Theoretically, the issue may be formulated as one of processes of historical emergence, and the task thus conceived broadly as identifying the emergence of particular constellations of various life-forms, life-worlds, networks, or ‘forms of life’ (Helmreich 2009). The project is framed by a set of overarching disciplinary concerns:
- What significance do various approaches to materiality and materializations have for comparative studies of the human existential condition?
- How can the field of anthropology contribute to conceptualizing, studying, and writing ‘the material’?
- What are the theoretical implications of the current shifts, and what is the edge through which anthropology can make a difference?
- How can attention to materiality help us to rethink anthropos in anthropology?
These are questions that we consider to be crucial to the discipline at the moment and through which we intend to bring together some of the most important research that has emerged at the Department of Social Anthropology, University of Oslo, and the other institutions that will participate in the project. We also acknowledge that these issues are highly relevant to other disciplines, and we hope that by addressing them we will be able to expand the scope of anthropological approaches and thus open up for investigating these questions also within an interdisciplinary environment. We believe that through a shared focus on materializations and the material, we will highlight, and be able to compare, some of the unique contributions and theoretical potential of several research projects. Through this focus we hope to contribute to the discipline as a whole as well as to strengthen the theoretical impact of social anthropological research in Norway.
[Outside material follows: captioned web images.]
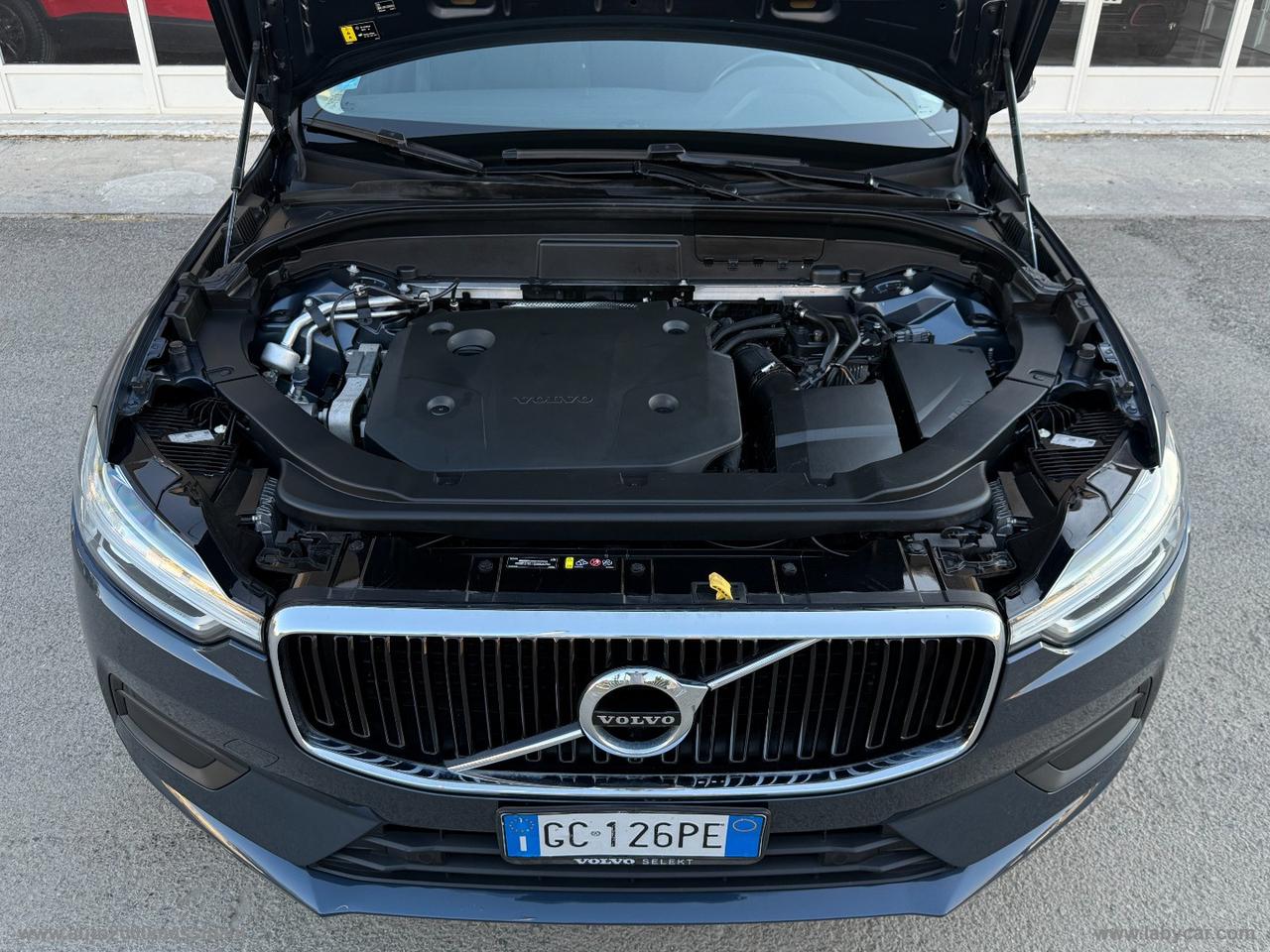 VOLVO XC60 B4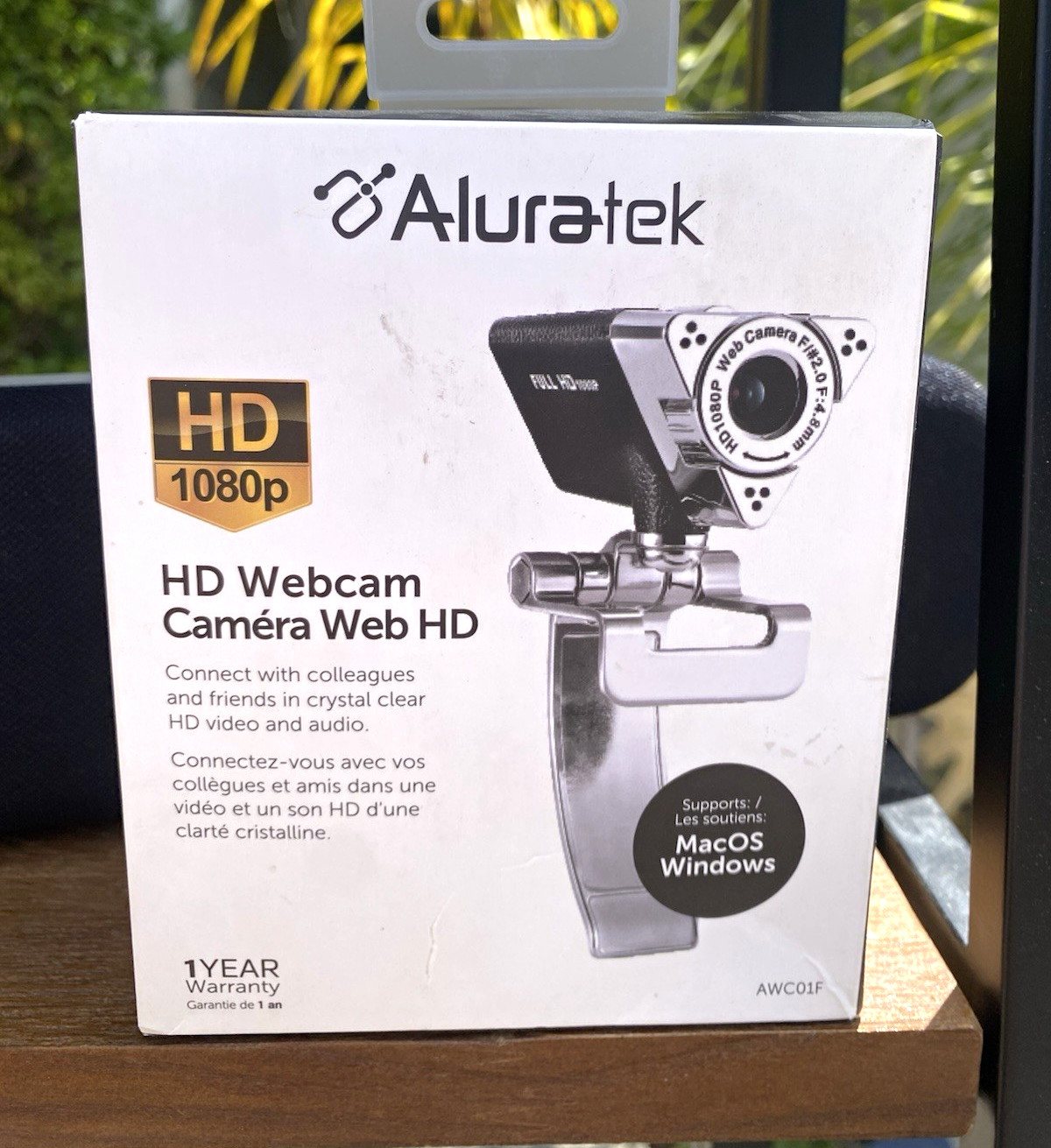 Aluratek AWC01F 1080p HD Webcam 30fps USB 2.0 Video Conferencing, Silver/Black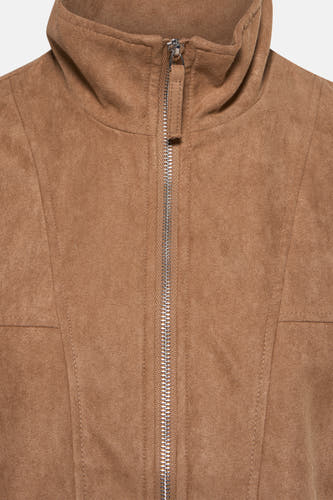 Beige korte jas van JDY, met ritssluiting en opstaande kraag, in een zachte suèdine textuur.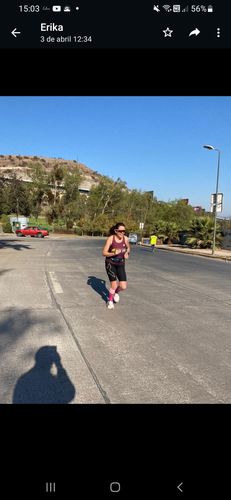 Customer photo review of Calzas Short Mujer Light Speed Mid-Rise - Black/Gold Reflective - 2XU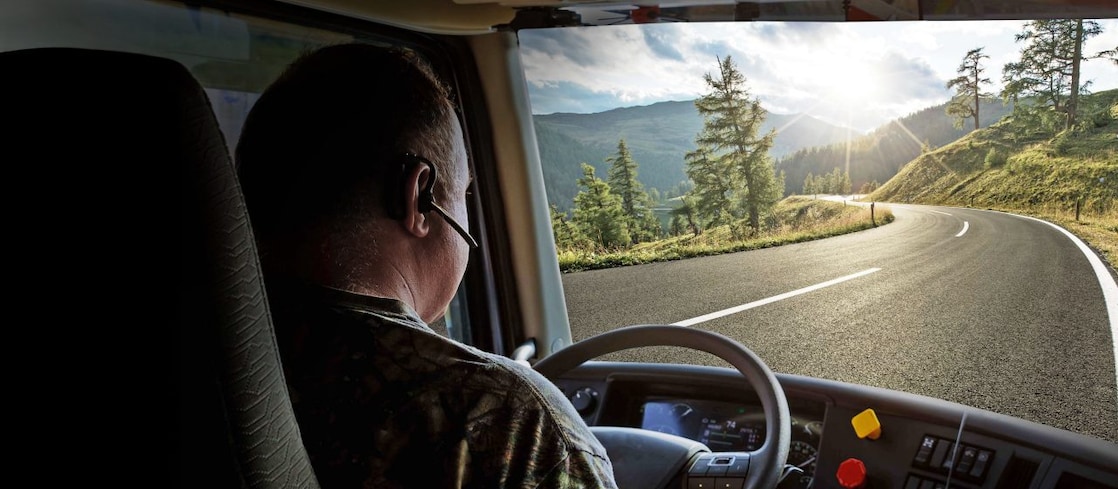 Lkw-Fahrer unterwegs auf einer Landstraße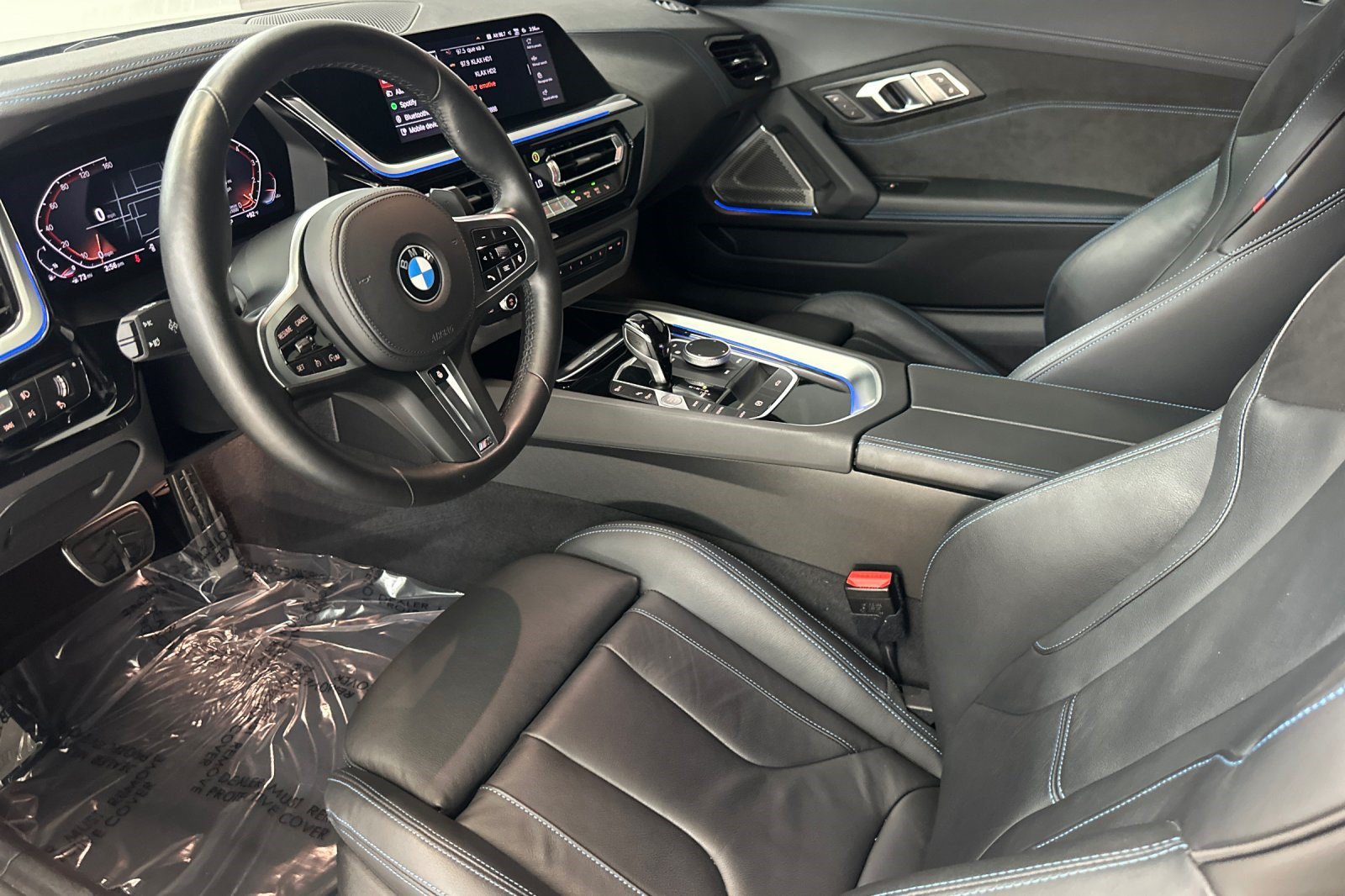 Certified 2024 BMW Z4 sDrive30i w/ Shadowloine Package RWD image 4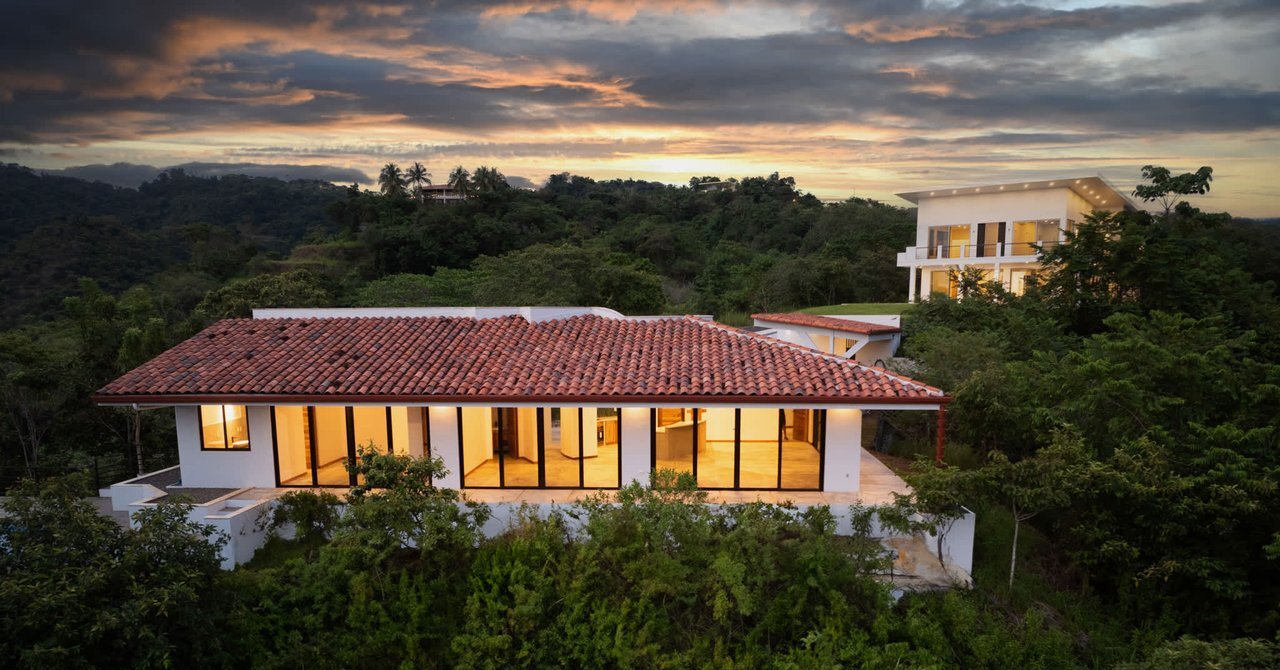 Dos Casas con Vista al Mar — Playa Hermosa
The project is located at the Department of Social Anthropology (SAI), University of Oslo (UiO) with participants from the University of Bergen (UiB), Department of Ethnography at the Museum of Cultural History, UiO (KHM), University of Tromsø (UiT), Centre for Development and Environment, UiO (SUM), Section for Medical Anthropology and Medical History, Institute of Health and Society (IHS), UiO, University of Aberdeen, as well as guest researchers from the University of Manchester and University of California, Santa Cruz.